The UNLV Science and Engineering Building instrumentation is more unique than any building instrumented before. This particular structure has been awarded the Silver rating by the Leadership in Energy and Environmental Design (LEED) program. In order to obtain a LEED rating, the building must meet environmentally responsible and sustainable design, construction, and operation standards.
This is the first environmentally friendly building instrumented by the NSMP, and the only building monitored for earthquake shaking in Las Vegas. The intention of instrumenting this particular steel building is to see how buildings that are designed with the environment in mind, hold up to the strong lateral forces created by earthquakes. It is intended to use the obtained data from the sensors and the building to improve on environmentally friendly designs.
USGS Uses Advanced Sensing Technologies
UNLV’s environmentally friendly Science and Engineering Building is equipped with an advanced earthquake monitoring systems. Red arrows in the schematic diagram show the locations and indicate the directional sensitivity of the seismic sensors from the first floor through the building’s four stories to the roof.
Download a 2D sensor layout diagram depicting the location of seismic joints and other details.
The UNLV Science and Engineering Building has a seismic array of 21 motion sensors installed. These sensors are strategically located in each floor where the maximum building response during a ground shaking is expected, mostly at the edges. Every story has at least two seismic motion sensors oriented horizontally in two orthogonal directions to detect building motion along the reference east-west and north-south directions. Floor rotation around the vertical axis can be computed from the recordings of the two sensors pointing same direction but located at different points. The building also has a triaxial sensor located on the first floor, which records the input motions in three orthogonal directions at this level. Specifically, the building’s instrumentation is designed to record and compute:
- The swaying and twisting of the building
- The time it takes seismic waves to travel from the foundations to the roof
- How the frame of the buildings changed during the earthquake
Other triaxial seismic motion sensor located away from the building records free-field ground shaking without any interference with the building to provide input for USGS ShakeMaps.
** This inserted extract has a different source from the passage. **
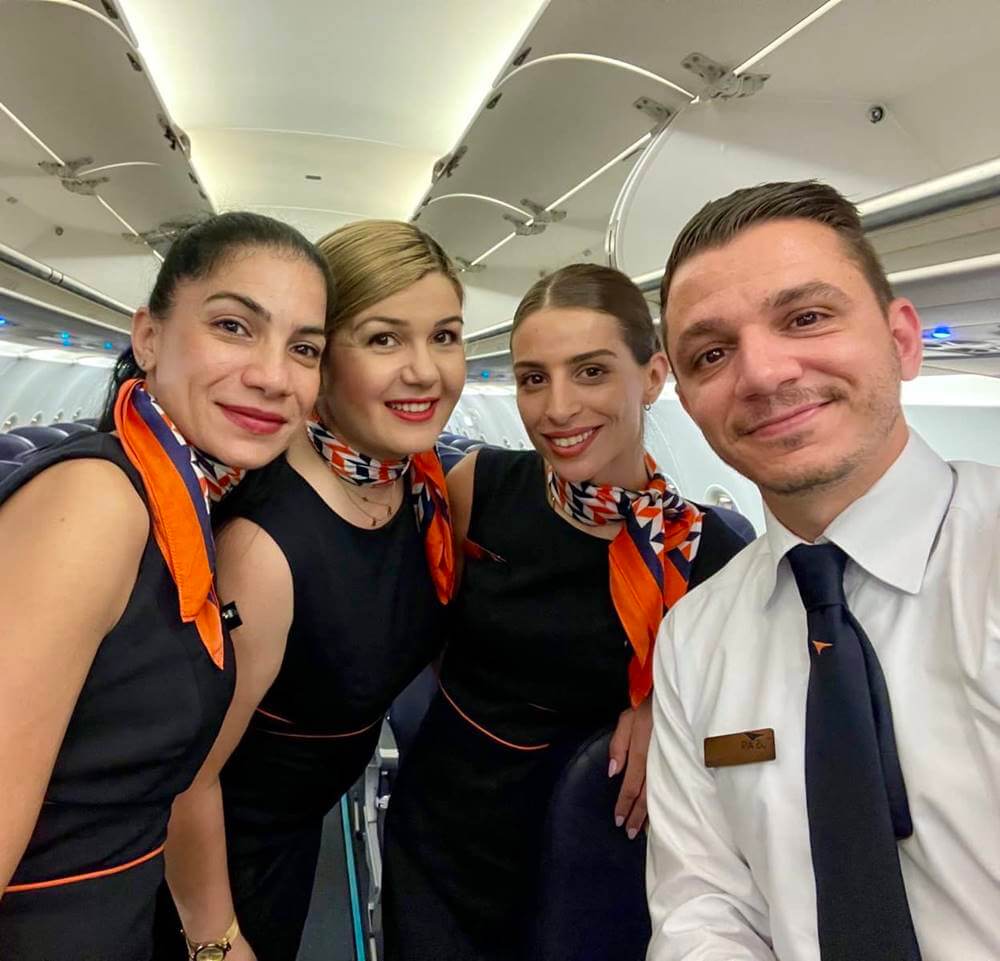 TUS Airways male and female cabin crews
These graphics depict ground motion and shaking intensity after significant earthquakes, giving a visual representation of a quake’s behavior and impact for emergency response.
Structural Health Monitoring and Damage Detection
It is imperative to monitor the condition of UNLV’s one of the most important buildings in near-real time in order to be able to assess its structural integrity immediately after a major catastrophic event. Structural health monitoring will be achieved by implementation of an open-source on-site data analysis system. This innovative system provides information about how buildings move and distort during shaking, and where damage likely occurred. Several independent algorithms check for variations in movements of a building frame and its vibration characteristics, for travel time of seismic waves between foundation and roof, and for exceedance of the building’s seismic design capacity.
The obtained real-time data is also available to UNLV’s faculty and engineering students through an on-site computer to study and understand the building’s vibration characteristics and response during earthquakes.
Flow chart showing the functioning of a real-time earthquake monitoring system for instrumented buildings. This system will provide important information on the structural health of the building. After a significant earthquake, its near-real time data analysis capabilities will help to rapidly assess building safety.